Railway station in Aka, Fukuoka Prefecture, Japan

Yusubaru Station (油須原駅, Yusubaru-eki) is a passenger railway station located in the village of Aka, Fukuoka Prefecture, Japan. It is operated by the third-sector railway operator Heisei Chikuhō Railway.

==Lines==
Yusubaru Station is served by the Tagawa and is located 16.0 km from the starting point of the line at .Trains arrive roughly every 30 minutes.

== Layout ==
The station consists of two opposed unnumbered side platforms connected by a level crossing. The wooden station building has been in place since the station opened. The station building was renovated in February 2022 as part of an industry-academia-government collaboration project with the cooperation of Nishi-Nippon Institute of Technology to reflect its appearance at the time of opening.

==Platforms==

| North | ■ ■ Tagawa Line | for Saigawa, Toyotsu, Yukuhashi |
| South | ■ ■ Tagawa Line | for Tagawa-Ita, Kanada, Nōgata |

==History==
Yusubaru Station opened on 15 August 1895 as a station on the private Hōshū Railway.

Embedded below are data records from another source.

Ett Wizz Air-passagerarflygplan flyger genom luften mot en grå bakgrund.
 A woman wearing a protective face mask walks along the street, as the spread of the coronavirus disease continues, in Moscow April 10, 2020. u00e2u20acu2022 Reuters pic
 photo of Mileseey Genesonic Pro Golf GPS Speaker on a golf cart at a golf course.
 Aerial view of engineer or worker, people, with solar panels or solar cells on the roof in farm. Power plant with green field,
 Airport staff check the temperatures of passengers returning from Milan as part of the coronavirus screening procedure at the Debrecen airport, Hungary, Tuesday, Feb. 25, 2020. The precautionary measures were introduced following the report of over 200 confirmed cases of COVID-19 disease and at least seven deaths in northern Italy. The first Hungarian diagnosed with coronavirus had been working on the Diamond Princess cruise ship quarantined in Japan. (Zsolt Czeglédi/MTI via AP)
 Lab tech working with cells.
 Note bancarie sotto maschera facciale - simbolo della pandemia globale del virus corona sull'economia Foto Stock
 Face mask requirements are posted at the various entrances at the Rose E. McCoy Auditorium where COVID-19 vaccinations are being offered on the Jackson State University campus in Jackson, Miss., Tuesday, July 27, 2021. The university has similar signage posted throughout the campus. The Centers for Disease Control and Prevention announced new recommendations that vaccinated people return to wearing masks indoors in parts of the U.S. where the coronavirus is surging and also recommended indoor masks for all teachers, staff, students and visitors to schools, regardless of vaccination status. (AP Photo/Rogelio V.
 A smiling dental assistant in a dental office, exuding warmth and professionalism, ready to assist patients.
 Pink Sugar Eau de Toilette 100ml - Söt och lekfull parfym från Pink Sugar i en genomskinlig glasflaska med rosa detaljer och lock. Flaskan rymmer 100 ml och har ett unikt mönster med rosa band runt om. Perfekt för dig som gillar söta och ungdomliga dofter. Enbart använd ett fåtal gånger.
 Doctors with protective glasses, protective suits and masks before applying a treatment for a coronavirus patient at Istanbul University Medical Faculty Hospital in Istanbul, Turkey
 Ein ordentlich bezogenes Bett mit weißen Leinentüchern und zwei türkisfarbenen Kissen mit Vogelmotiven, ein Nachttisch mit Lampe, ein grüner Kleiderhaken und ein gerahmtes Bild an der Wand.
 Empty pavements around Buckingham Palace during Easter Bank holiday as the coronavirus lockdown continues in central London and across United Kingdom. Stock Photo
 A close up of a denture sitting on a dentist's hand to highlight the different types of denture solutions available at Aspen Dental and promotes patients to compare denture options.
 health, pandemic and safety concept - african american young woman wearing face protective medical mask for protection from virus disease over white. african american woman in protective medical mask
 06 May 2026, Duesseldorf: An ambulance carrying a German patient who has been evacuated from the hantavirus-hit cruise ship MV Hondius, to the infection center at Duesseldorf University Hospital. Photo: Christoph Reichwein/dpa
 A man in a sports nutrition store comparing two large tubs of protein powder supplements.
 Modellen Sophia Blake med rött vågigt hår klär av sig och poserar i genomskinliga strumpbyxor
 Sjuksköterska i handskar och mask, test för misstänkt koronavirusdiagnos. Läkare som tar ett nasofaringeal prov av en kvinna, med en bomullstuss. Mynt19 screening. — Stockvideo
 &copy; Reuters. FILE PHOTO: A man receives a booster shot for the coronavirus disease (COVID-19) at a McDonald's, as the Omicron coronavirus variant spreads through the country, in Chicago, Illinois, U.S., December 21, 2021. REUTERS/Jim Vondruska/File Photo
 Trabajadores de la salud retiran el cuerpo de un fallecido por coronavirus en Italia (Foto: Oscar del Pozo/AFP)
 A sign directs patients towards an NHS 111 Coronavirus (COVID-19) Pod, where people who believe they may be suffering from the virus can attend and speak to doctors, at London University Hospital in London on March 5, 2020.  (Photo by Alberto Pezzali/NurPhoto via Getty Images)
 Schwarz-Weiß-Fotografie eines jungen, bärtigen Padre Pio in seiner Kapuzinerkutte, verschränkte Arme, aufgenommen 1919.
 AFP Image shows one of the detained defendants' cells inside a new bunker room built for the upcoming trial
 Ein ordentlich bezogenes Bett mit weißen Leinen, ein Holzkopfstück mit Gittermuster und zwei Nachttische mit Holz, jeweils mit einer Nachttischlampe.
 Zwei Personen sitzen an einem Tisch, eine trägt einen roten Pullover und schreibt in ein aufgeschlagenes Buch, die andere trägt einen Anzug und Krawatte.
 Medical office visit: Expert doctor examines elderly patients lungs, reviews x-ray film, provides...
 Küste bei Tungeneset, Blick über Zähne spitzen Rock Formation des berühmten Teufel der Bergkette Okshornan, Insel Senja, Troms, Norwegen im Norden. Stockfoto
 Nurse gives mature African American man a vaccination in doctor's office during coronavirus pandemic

The Hōshū railway was acquired by the Kyushu Railway on 3 September 1901. The Kyushu Railway was nationalised on 1 July 1907. Japanese Government Railways (JGR), designated the track as the Hōshū Main Line on 12 October 1909 and expanded it southwards in phases. With the privatization of Japanese National Railways (JNR), the successor of JGR, on 1 April 1987, the station came under the control of JR Kyushu. It was transferred to the control of the Heisei Chikuhō Railway on 1 October 1989.

==Surrounding area==
The station is located in the urban center of Aka Village, with many shops and residences surrounding it.